Klar - auch das ist meine Rede. - Egal ob dies spirituell oder methodisch ist.
sven23 hat geschrieben:Und jetzt wissen wir, dass der Wanderprediger sich geirrt hat.
Nein - genau das wissen wir NICHT - im Gegenteil: Vieles spricht sogar für das Gegenteil. - Was wir wissen, ist: Wie hat Jesus gedacht, wenn die historisch-kritische Hermeneutik für diese Frage der richtige Ansatz ist. - Das ist etwas ganz anders.
sven23 hat geschrieben:Historie ist immer nur über die Quellenlage erschließbar, was anderes haben wir nicht. Und je mehr unterschiedliche Quellen wir haben, desto gesicherter sind die Erkenntnisse.
Methodisch nachvollziehbar und im Übrigen mit guten Chancen, eine Übereinstimmung mit dem, was tatsächlich war, zu erzielen. - Aber das reicht nicht bei geistigen Fragestellungen, die zudem ein Fragesteller bei säkularer Hermeneutik selber nicht kapiert/kapieren darf (aus Disziplin-Gründen). - Daher kommt doch die "Schizophrenie", wie Du es fälschlich bezeichnest.
sven23 hat geschrieben:Man kann nicht vordergründig die historisch-kritische Methode loben und dann ihre Ergebnisse ignorieren, weil sie nicht ins Weltbild passen.
Das wäre in der Tat die falsche Begründung.
sven23 hat geschrieben:Ratzingers Forderung, den historischen Jesus doch der Einfachheit halber gleichzusetzen mit dem biblisch verkündeten, stieß auch bei Zenger auf Unverständnis.
Ratzinger ist differenzierter als das. - Da bräuchte es genaue Quellen.

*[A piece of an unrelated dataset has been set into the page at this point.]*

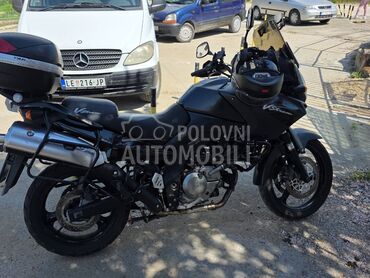 Suzuki V STROM 650, 3.550 €, 2007. , 650 cm3, 75.000 km, 49kW (67 KS), Touring, Suva Morava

sven23 hat geschrieben:es wäre das Gleichsetzen des historischen Jesus mit dem biblisch Verkündeten. Das ist Kanonikern und Glaubensdogmatikern vorbehalten, die keinen Anspruch auf historische Forschung erheben.
Da hast Du wirklich was nicht kapiert - mal ein fachfremdes Beispiel:
Ist der Sven mit 2 Jahren derselbe, der Du heute bist? - Die HKM würde sagen: "Nein - wir können nachweisen, dass Sven mit 2 Jahren noch keinen Bartwuchs hatte. Also ist sein heutiger Bartwuchs eine historische Verfälschung". - Die Kanonik würde sagen: "Sven hat sich ganz wesentlich mit der Zeit verändert, ist aber immer noch in seiner Identität authentisch zum damaligen 2-jährigen Sven".
sven23 hat geschrieben: Das ist Kanonikern und Glaubensdogmatikern vorbehalten, die keinen Anspruch auf historische Forschung erheben.
Richtig - sie sehen die Gesamterscheinung "Sven" durch die Zeiten und bestehen "lediglich" auf Authentizität in Bezug auf das Original des 2-jährigen Sven. - Oder anders: Man kann nicht eine Frau anstelle von Sven einsetzen, nur weil sie keinen Bartwuchs hat und deshalb authentischer zum 2jährigen Sven wäre - ist sie eben NICHT.
sven23 hat geschrieben:Da kann man so gut wie ausschließen. Die Entwicklung ist ganz klar nachgezeichnet. Je weiter sich die Texte zeitlich entfernen, desto legendenhafter werden sie.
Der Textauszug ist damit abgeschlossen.